Prepared - To be ready ahead of time for a specific purpose.
Respectful - having good manners and not being arrogant or prideful.
Independent - not being influenced or controlled by others in the way you think or act.
Determined - having goals and working towards them no matter what.
Enthusiastic - Having and showing a lot of enjoyment, interest, or approval.
Grantham Middle School is a 5-8 school located in Wayne County, NC.

Grantham School initially started participating in PBIS many years ago, but did not start implementation until six years ago.
With a revitalized desire to implement with fidelity, Grantham School started sending members to Tier 1 training in 2011. As staff at Grantham began to buy into the vision of PBIS, the PBIS committee was restructured and committee members were sent to Module 2 training in October 2013.
In February 2014 Grantham received a
Green Ribbon Award, their first PBIS recognition.
Grantham School continued to thrive in the implementation of PBIS, seeing success throughout the school. With a desire to continue progressing and a need for further training at the tertiary level, they received Module 3 training in February 2014.
Each school year begins with a refresher for all school staff including a review of the goals of PBIS, the matrix and school-wide expectations, process for progressing from one tier to another, submission of an office referral, behavior documentation processes and expectations, criteria for celebrations, classroom initiatives, and ways the PBIS committee can support each staff member.
The committee offers refresher training and PBIS updates to the staff throughout the year in forms such as committee member updates presented during grade level PRCs, one hour training sessions, emails, staff meetings, pop quizzes. They also started working through Module 1 training with the staff this year. Module 1 training should be completed by the end of this coming school year.
Just as students are celebrated, Grantham Middle School's PBIS committee leaders work hard to ensure all committee members are celebrated in ways such as random candy bars in mail boxes and snacks during some committee meetings.

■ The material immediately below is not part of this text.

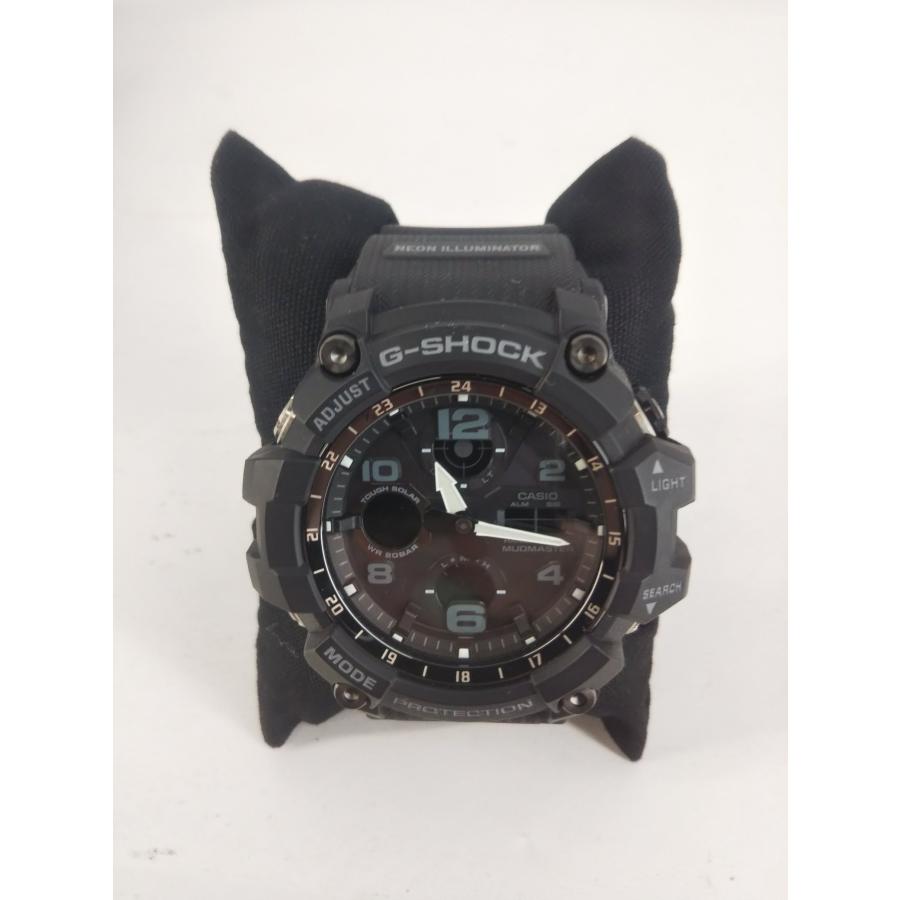 G-SHOCK Gショック MUDMASTER マッドマスター GWG-100 電波ソーラー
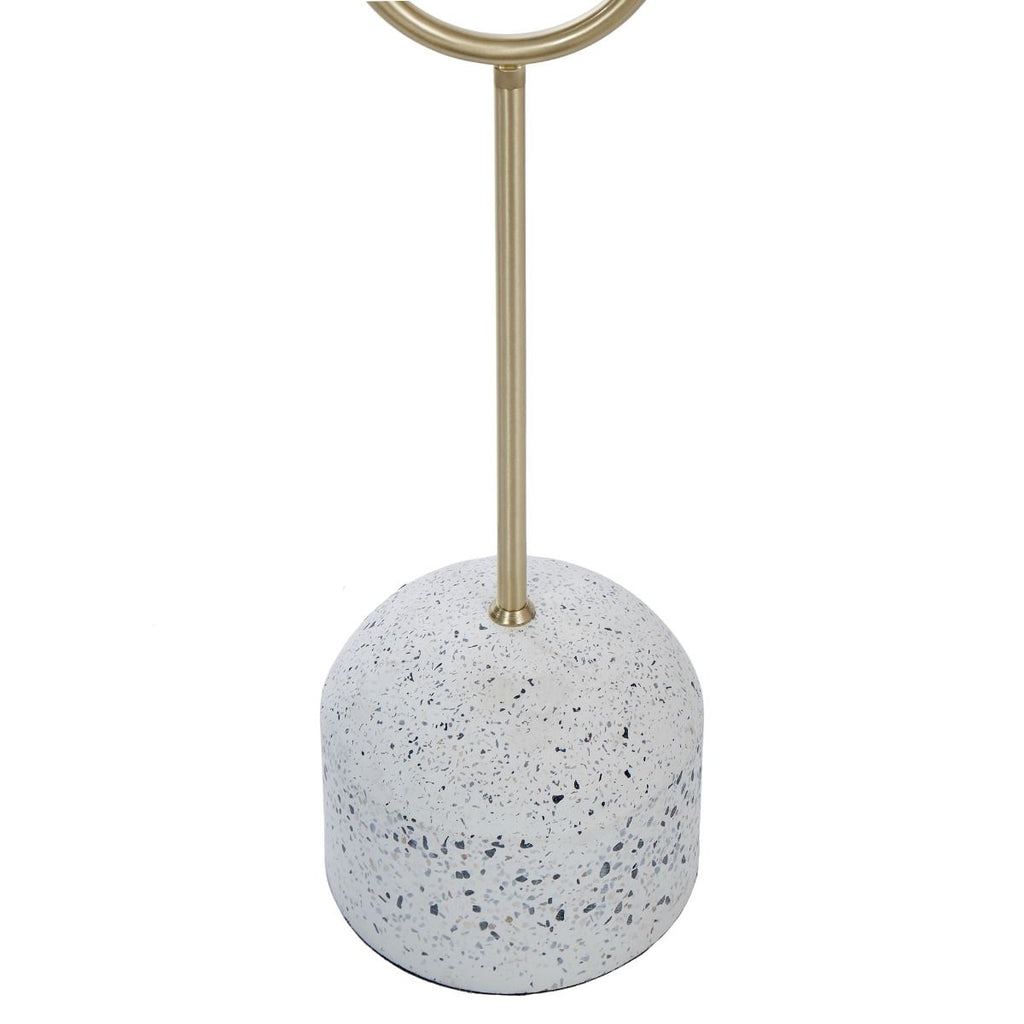 AMALFI TIVOLI FLOOR LAMP WHITE/GOLD 32X20X150CM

The PBIS committee also takes time to ensure the staff school wide are celebrated. This has been delivered in many forms including a staff member of the week each week and staff wide luncheons every 9 weeks.
Implementation Strategies - Students

To assist staff in understanding the behavior management process more fully, Grantham developed this flowchart.

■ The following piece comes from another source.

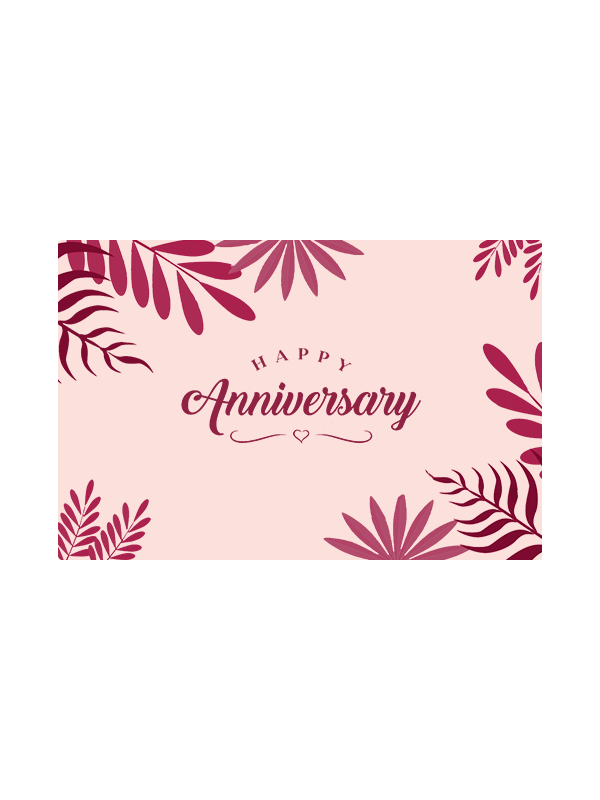 Gift Card-Happy Anniversary thumb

To assist in further understanding and clarification, this pyramid was developed which merges the three PBIS tiers with Grantham's behavior management system.
Grantham adopted PRIDE as their acronym for communicating their school rules.
Each school year begins with a big push to remind students of Grantham's school rules (matrix), how behavior is monitored (team notebook), what the discipline process looks like, and what the criteria are for celebrations. Students enrolling throughout the year are provided the same information.
Along with this review, a letter and a brochure are sent home with each student. The letter explains the PBIS process as well as the celebration criteria for that grade level.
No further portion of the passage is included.